SOURCE DATA:
_ _ _

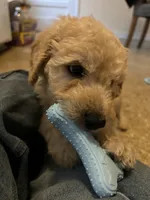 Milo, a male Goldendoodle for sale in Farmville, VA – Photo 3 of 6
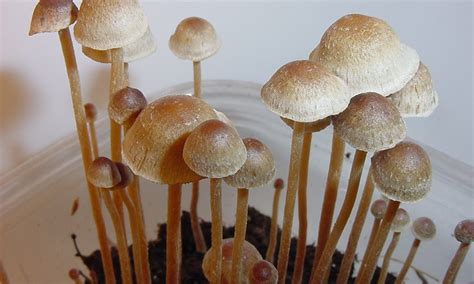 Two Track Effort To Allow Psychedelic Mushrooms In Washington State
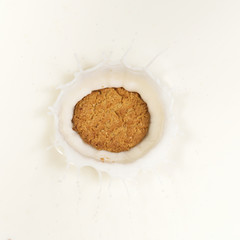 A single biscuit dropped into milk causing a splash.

_ _ _

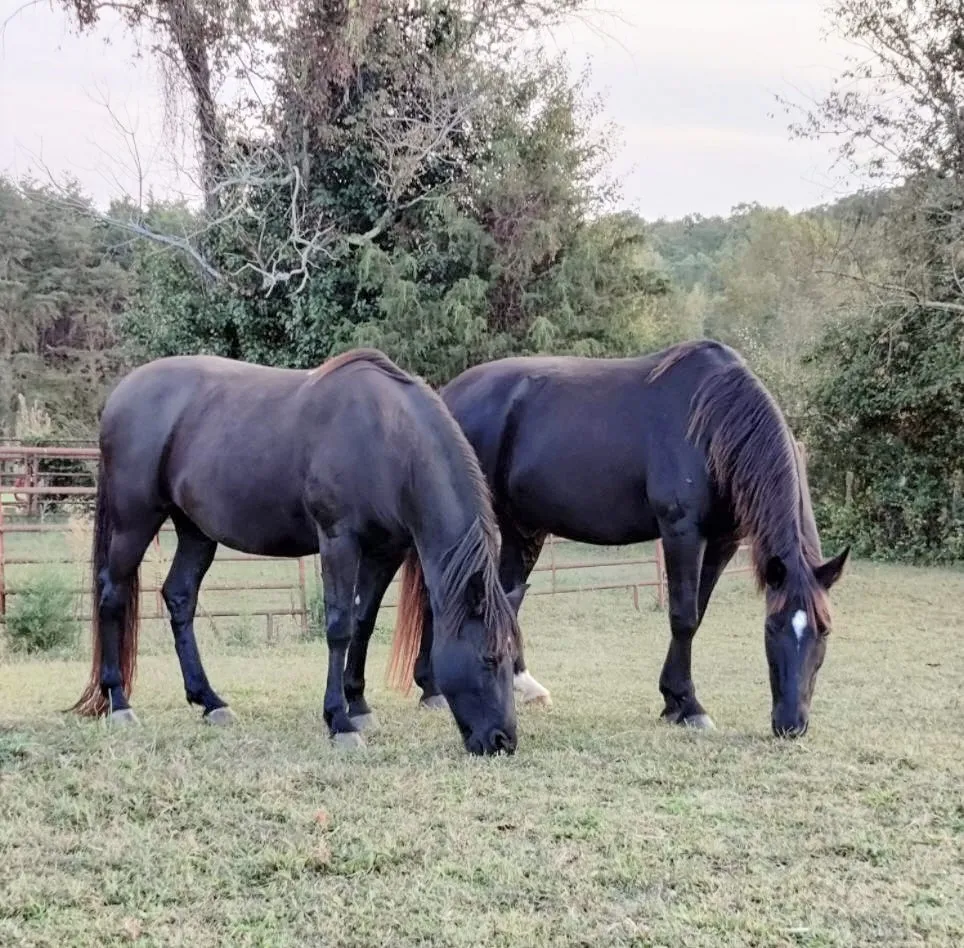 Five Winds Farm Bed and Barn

_ _ _

ASSIGNMENT:
Your reply is to be an exact repeat of the listing above from the line holding "Milo, a male" down to the line holding "A single biscuit", ends included, pictures excluded.

RESPONSE BOX:
 Milo, a male Goldendoodle for sale in Farmville, VA – Photo 3 of 6
 Two Track Effort To Allow Psychedelic Mushrooms In Washington State
 A single biscuit dropped into milk causing a splash.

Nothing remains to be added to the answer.